Мое парижское Письмо для Вас, конечно, осталось в Москве. В Париже у меня была, как всегда, суматошная жизнь. Отыграв три спектакля, я полетела на концерт в Канаду. Прилетаю в Монреаль – а там 33° мороза по Цельсию. Самолет опоздал на несколько часов, меня никто не встретил. На автобусе и taxi уже ночью добралась до Квебека. Я знала, что у меня «Hilton». Был один концерт с местным симфоническим оркестром. Я читала пушкинскую «Осень», кусок из «Анны Карениной» Толстого и несколько стихотворений Ахматовой. Потом переехала в Монреаль, пожила там дня 3 до своего самолета, походила по театрам. «Походила» – не то слово: мороз не позволял ходить, ездила в taxi. Интересный спектакль был «На дне» Горького. Сатин был в гриме самого Горького, сидел в ночлежке и записывал все эти сцены, Лука – как восточный Будда. Потом опять вернулась в Париж, опять поиграла немного и опять полетела, но уже в Афины, а там 20° жары (опять же по Цельсию). Но там, тьфу, тьфу, тьфу, меня любят, и все прошло очень хорошо: получила приглашение на будущее. Вернулась в Париж. Отыграла гастроли. Театр наш вернулся в Москву, а я осталась на две недели в Париже, ходила каждый вечер в театр, как на работу. Пересмотрела все, что надо было посмотреть. В письме, к сожалению, все не напишешь, но если говорить в целом о новом течении в средствах выражения, то это – «trompe-l’oeil» («обман глаз») – в живописи, в моде, в быту, на сцене. Один мой знакомый – художник и режиссер Рустам Хамдамов заставил меня купить в Париже мужскую обувь и мужское пальто в мужском магазине. В Париже я все это носила и чувствовала себя как рыба в воде, но в Америку взять все это побоялась – и правильно сделала: меня бы здесь просто приняли бы за лесбиянку.
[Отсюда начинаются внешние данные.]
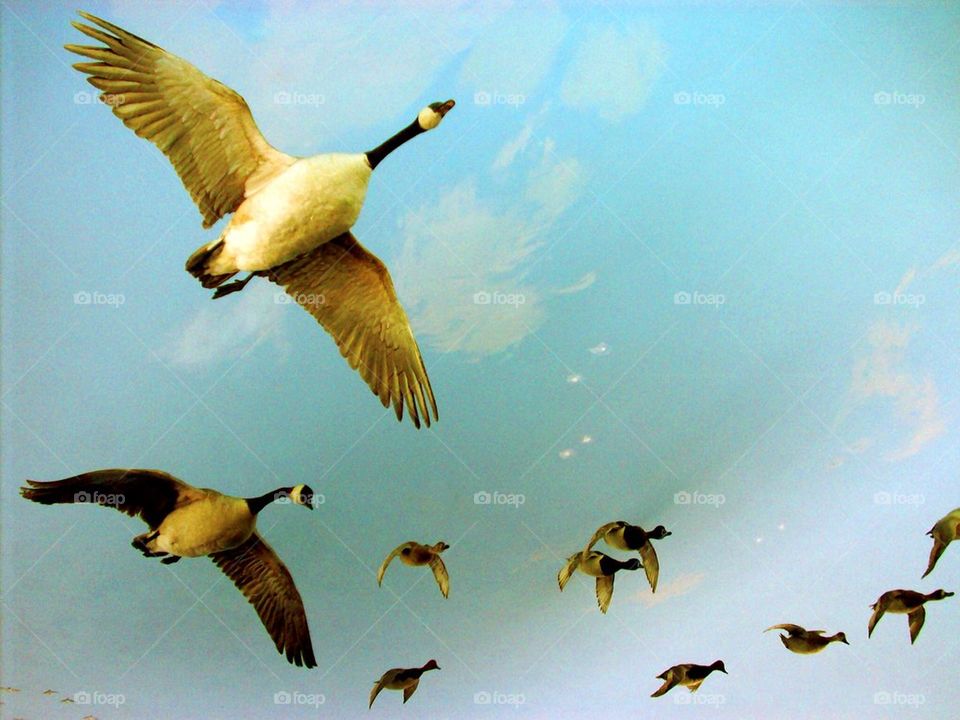 Low angle view of goose flying on sky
В Париже одна моя подруга оставила мне на эти две недели квартиру и машину. С машиной в Париже я управлялась не первый раз, но парковаться стало все труднее и труднее, и в конце концов я ходила пешком или ездила в taxi. Я не люблю и боюсь метро. Развивается клаустрофобия. В Москве было, как вы говорите, о’кэй. У меня теперь появилась другая собака – маленький пекинес Микки. Когда я уезжаю, я отдаю его Маквале, но она 3 апреля приедет в Нью-Йорк, а Микки останется с ее сестрой, которая приехала из Грузии и живет теперь у Маквалы, так как в Тбилиси жить практически нельзя – нет электричества, газа, хлеба. На одну ее месячную зарплату можно купить только 1 кг сыра. Мы (союз театров) посылаем грузинским актерам продуктовые посылки. Вообще, Том, мир, по-моему, сошел с ума. А из той глубокой ямы, в которую сейчас толкнули Россию, мы, наверное, уже не выберемся никогда. Я имею в виду, прежде всего, культуру. Само искусство, слава Богу, меньше всего зависит от социальных проблем, но если говорить о культуре, как о мироощущении нации, то тут, как выразился Дэвид – «кранты».

В Нью-Йорке мне на этот раз было как-то не очень комфортно душе. Часто я просыпалась и думала: зачем я здесь? Но когда светит солнышко, то все хорошо.

Я стала уставать от людей. Все чаще и чаще хочется побыть в одиночестве. Наедине с Природой. И если есть абсолютная Красота – то это все, что сделал Бог, а все, что сотворили люди (даже гениальные) – все уже несет субъективную окраску и зависит от состояния Духа. Простите мне эту сентенцию.

Вот, Том, все, пожалуй. Подлетаем к Лос-Анджелесу. Если найду марку, отправлю оттуда же Письмо. Надеюсь, что я его не повезу в Москву, как часто бывало. Мой низкий поклон Юлии. Чувствую по телефону, что она удивительно добрый человек. Обнимаю.